Speaking in Hamburg on Monday, Merkel said, "It is naturally the case that living permanently in a country brings with it a stronger acceptance of this country's customs."

"Integration naturally presupposes that there is a readiness to come to terms with the way of life of a certain country in which (one) is living as part of the fourth, fifth or sixth generation," she said.

Germany is home to some 2.7 million people of Turkish origin; an estimated 500,000 are German citizens. While many are fully integrated in society, others speak German poorly and tend to stay within large Turkish-speaking communities.

Merkel stressed that all Germans are equal, whatever their origins. "That does not mean that they cannot have their own cultural background, but their loyalty belongs to the German state."

Merkel and Erdogan met in Berlin on Friday, and the chancellor gave a cool response to a suggestion from the Turkish leader that Turkish-language schools should be set up in Germany, for which Turkey could provide teachers.

Merkel argued Monday that it would be more conducive to integration to attract more German residents of Turkish origin into the teaching profession.

"I expressed my reservations against Turkish teachers coming to Germany to teach lessons to young people of Turkish origin who live here," she said.
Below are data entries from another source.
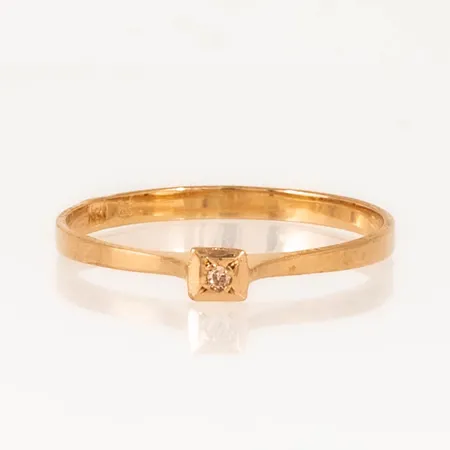 Ring i 18K guld med 1 x ca 0,005ct 8/8 slipad diamant. Den är i storlek 16¼, är 1,7 - 2,7 mm bred och väger 0,9g. 18K & svensk importstämpel.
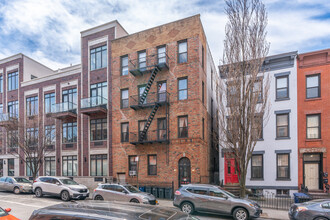 174 15th St in Brooklyn, NY - Building Photo - Primary Photo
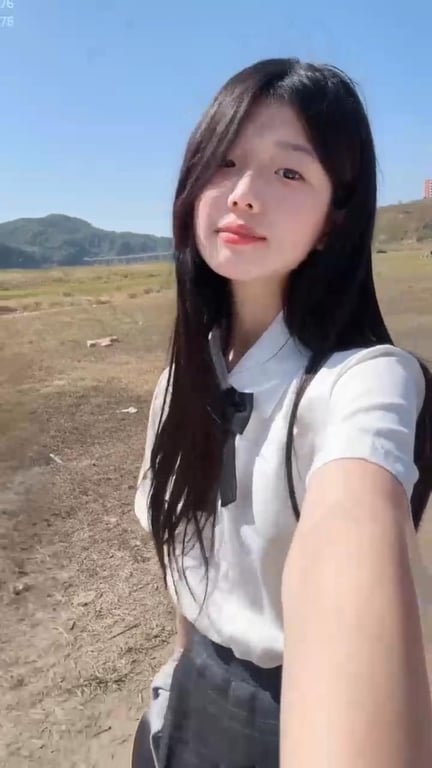 抖音网红小妍my，1v1新福利流出，为金主一人献上极致专享诱惑，清纯可爱脸蛋，彻 配图7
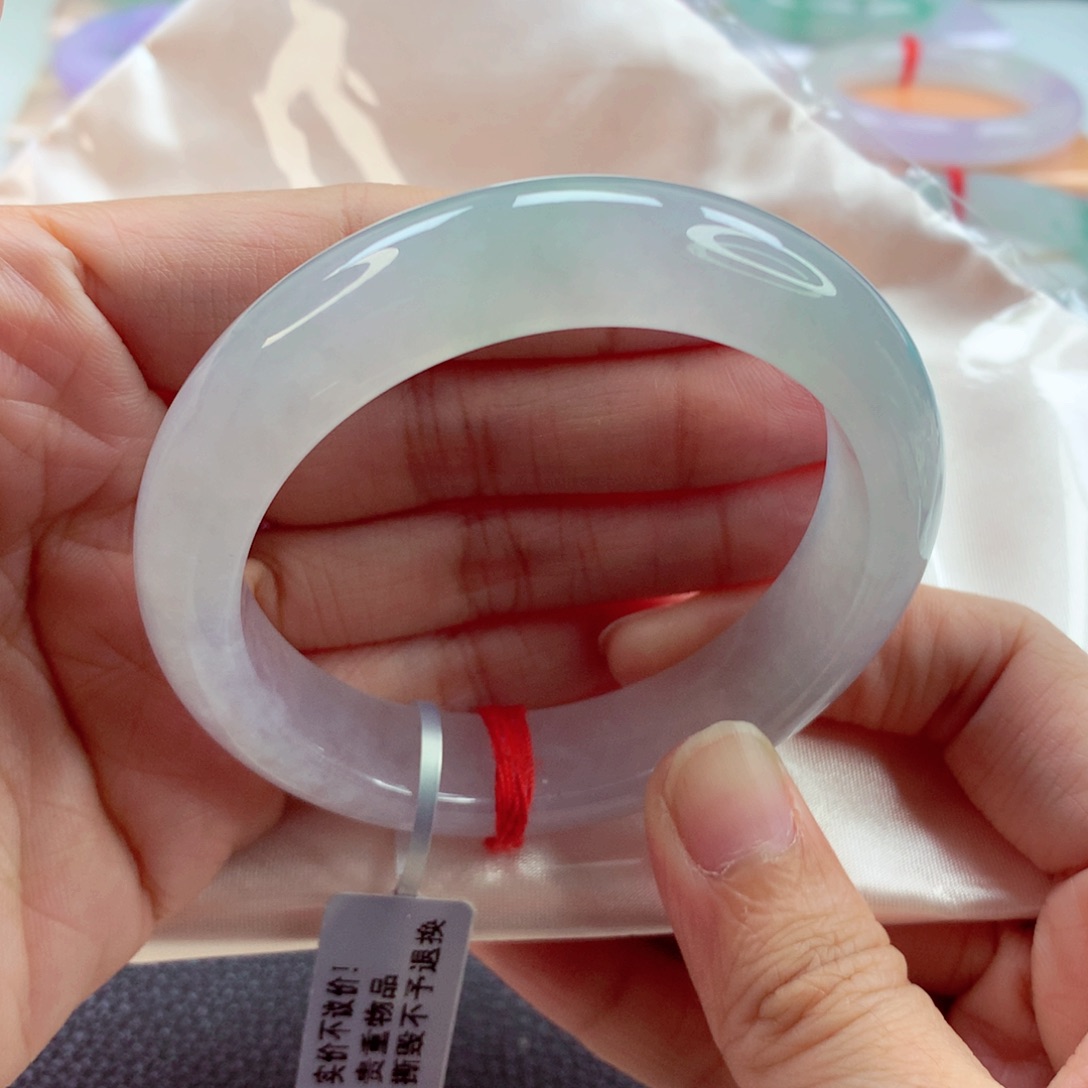 翡翠手镯未镶嵌h****?冰起胶完美超高性价比A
A senior conservative ally of Merkel was openly critical of Erdogan's comments on assimilation.

Bavarian Governor Guenther Beckstein said on N24 television they meant "that there are tendencies toward ghettoization with the support of the Turkish government."
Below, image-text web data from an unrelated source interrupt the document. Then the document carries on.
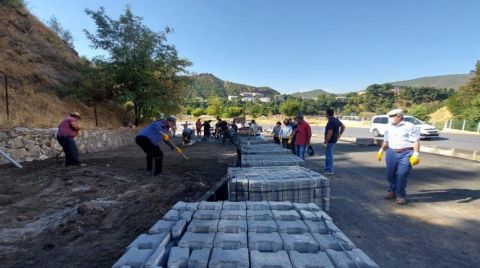 Belediye Çağrı Yaptı, Halk Parke Taşı Döşedi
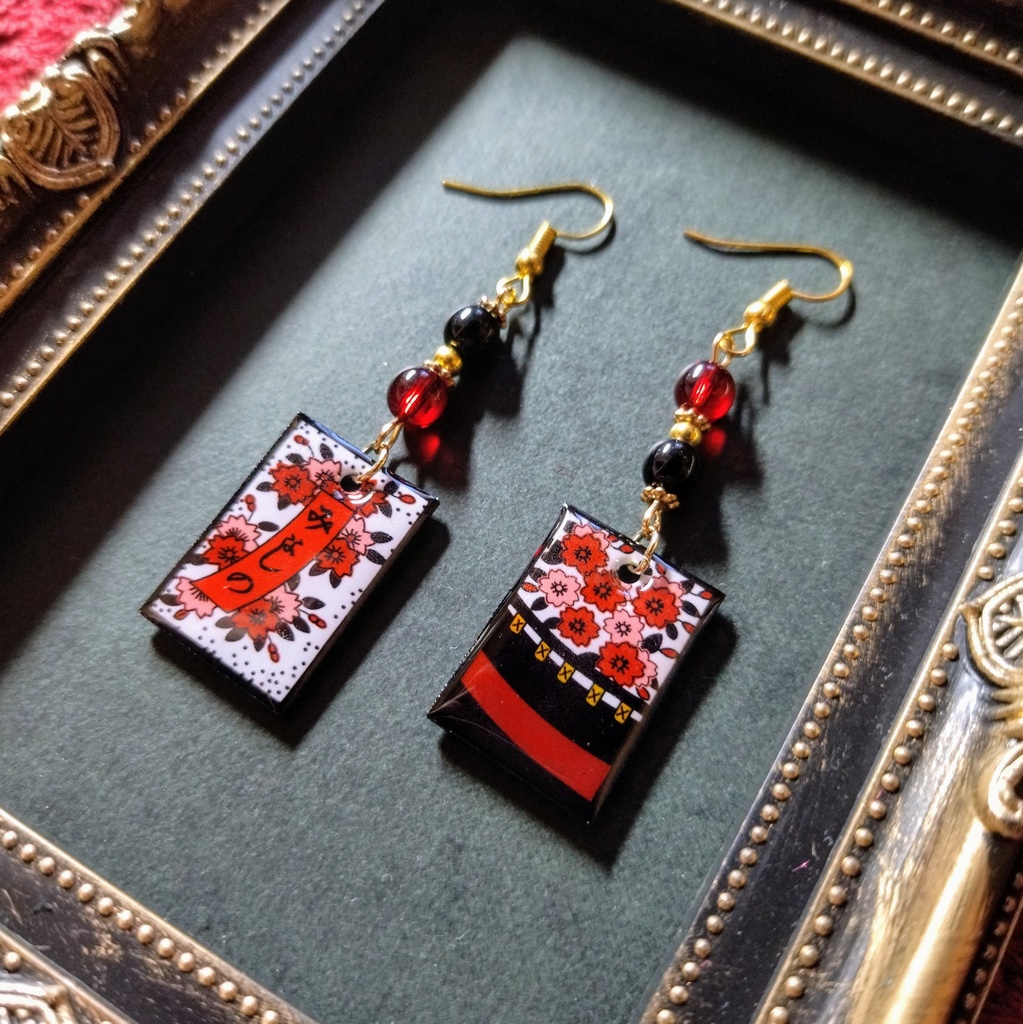 花札ピアス（桜）(イヤリング)【和ゴス】【和装】【着物】【成人式】【袴】【浴衣】【和風】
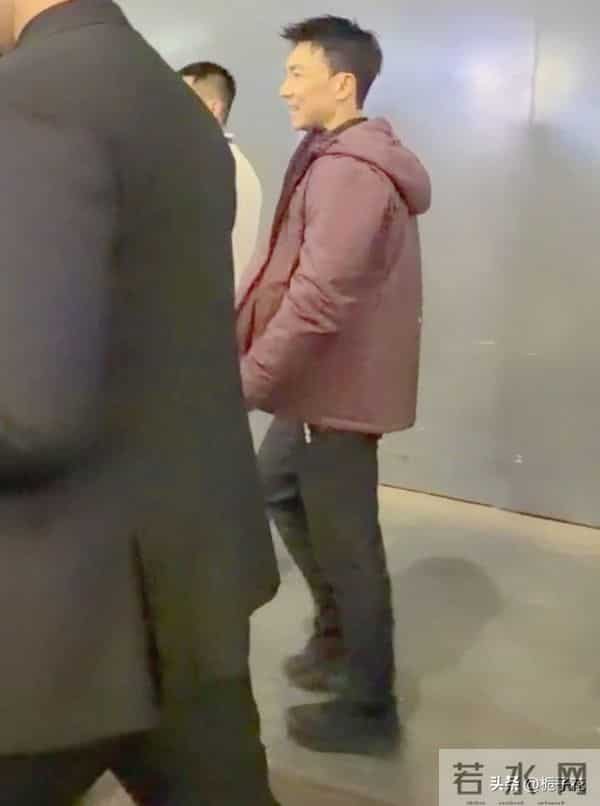 53岁刘畊宏在上海被偶遇，他身材真好，腹肌肉眼可见，太帅了吧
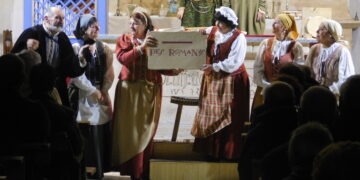 «Buscando a Nebrija» cosecha un nuevo éxito en la iglesia parroquial de Villoria y supera ya el centenar de representaciones
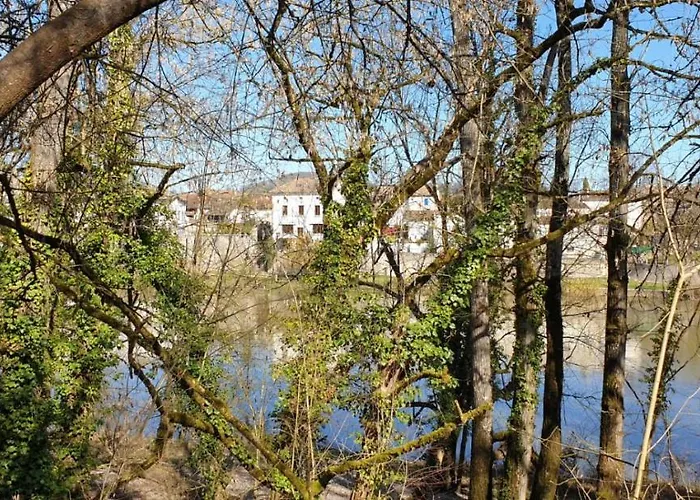 Domaine La Gazaille De Camille Oda ve Kahvaltı Le Temple-sur-Lot
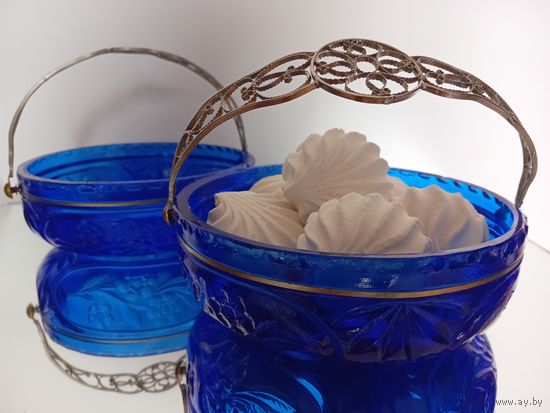 Цветное стекло. Корзинка. Вазочка. Синее стекло. Конфетница. Кобальт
"We must speak very openly and seriously with the Turkish government," Beckstein said. "That cannot remain this way."

Source: IHT (English)

See also: Germany: Erdogan calls on Turks not to assimilate, Germany: Erdogan calls for Turkish schools and universities


Anonymous said...

I really don't understand . . . if they like Turkey and the Turkish culture so much, why don't they live in Turkey?!

Anonymous said...

When France/Netherlands/UK/Italy/Spain etc occupied muslim lands nobody told them to integrate. In fact they lived in their own ghetos. Now we have the same people calling others to "integrate" when they actually mean assimilate. Also muslim countries have several European schools financed by European countries. Why can't Turkey do the same in Germany? Or is this the same old Erupean colonial and superiority complex at work again?